Ana Iti pictured with A hybrid made of both, 2025. Sharjah Biennial 16, Al Dhaid Clinic, Al Dhaid, 2025. Photo: Contemporary HUM.
Ana Iti, A hybrid made of both (detail), 2025. Sharjah Biennial 16, Al Dhaid Clinic, Al Dhaid, 2025. Photo: Contemporary HUM.
Ana Iti, A hybrid made of both (detail), 2025. Sharjah Biennial 16, Al Dhaid Clinic, Al Dhaid, 2025. Photo: Contemporary HUM.
Ana Iti, A resilient heart like the mānawa, 2024. Installation view: Sharjah Biennial 16, Kalba Ice Factory, Kalba, Sharjah, 2025. Image courtesy of Sharjah Art Foundation. Photo: Shafeek Nalakath Kareem.
Ana Iti, A resilient heart like the mānawa, 2024. Installation view: Sharjah Biennial 16, Kalba Ice Factory, Kalba, Sharjah, 2025. Image courtesy of Sharjah Art Foundation. Photo: Shafeek Nalakath Kareem.
The co-curators of Sharjah Biennial 16: to carry, left to right: Alia Swastika, Amal Khalaf, Megan Tamati-Quennell, Zeynep Öz and Natasha Ginwala. Photo: Contemporary HUM.
In February 2025, Contemporary HUM was on the ground at the opening week of Sharjah Biennial 16: to carry, speaking with the Aotearoa artists who were present.
Following her 2024 win of Aotearoa New Zealand’s most prestigious contemporary art award, the Walters Prize, Ana Iti takes part in Sharjah Biennial 16: to carry, co-curated by Aotearoa curator Megan Tamati-Quennell.

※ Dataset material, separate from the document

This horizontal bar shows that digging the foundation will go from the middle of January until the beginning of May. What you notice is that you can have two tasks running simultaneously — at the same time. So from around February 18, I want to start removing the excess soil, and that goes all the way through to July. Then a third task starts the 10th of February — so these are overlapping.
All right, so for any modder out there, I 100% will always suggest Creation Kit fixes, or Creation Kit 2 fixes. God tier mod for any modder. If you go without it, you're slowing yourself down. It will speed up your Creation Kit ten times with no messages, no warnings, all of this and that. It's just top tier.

In this conversation with Contemporary HUM, Iti reflects on SB16 as the first major international presentation of her work, and how she has found taking the Walters Prize artwork to Sharjah—despite obstacles and delays—which she presents alongside two earlier works.

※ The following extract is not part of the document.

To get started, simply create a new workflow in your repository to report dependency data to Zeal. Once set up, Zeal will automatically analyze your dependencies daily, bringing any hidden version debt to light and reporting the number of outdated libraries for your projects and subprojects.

This interview has been supported by individual donors and Creative New Zealand. With generous thanks to Sharjah Art Foundation for the press invitation to Sharjah, which enabled HUM to cover this significant event for Aotearoa artists.
CONTEMPORARY HUMYou're presenting several existing bodies of work at Sharjah Biennial 16, one of which is still travelling to Sharjah as we speak: A resilient heart like the mānawa (2024), which was awarded the Walters Prize in 2024.
Each of the five co-curators of the Biennial are responsible for their own curatorial project and inviting artists to participate, but there are some overlaps between their projects as well. How were you invited to participate in the Biennial, and how did you end up presenting two bodies of work in two different venues?
ANA ITIAbout eight months ago I started a dialogue with Megan. She had been in a conversation with Zeynep Öz (another co-curator of SB16) whose curatorial project for Sharjah is about technology, and she was asking Megan if she would write something about the use of the printing press in New Zealand.
Megan knew that I had done a research project about that, resulting in the work titled Like everywhere, words come one foot after another, which is from 2019. Megan said to Zeynep, “Oh, I think that you should talk to Ana.” Then they co-curated me, basically, to bring my work here. I think that Megan selected it, but it fit in with the conceptual framework for Zeynep's programme.
HUMSome of these works in Sharjah were shown at The Dowse Art Museum in Lower Hutt, in the exhibition Strands (2019-20).
AIYeah, there are two works from The Dowse. It's these sandbox works, which are based around this historic Māori language newspaper called He Kupu Whakamarama: Te Pipi Wharauroa, which, for a brief period, used these hybrid letter forms for sounds of te reo Māori. The sandbox works recreate those letter forms in an empty sand casting form.
It was interesting, because that work is from a time when I had just freshly graduated from my Masters. The work didn't exist anymore. It was quite ephemeral, so I had to reach back into my memory and revisit the methodology. They're made with the sand from the site. We're just borrowing it for a little bit and then it will go back. But it was a cool way to engage with Sharjah and the materiality of the place.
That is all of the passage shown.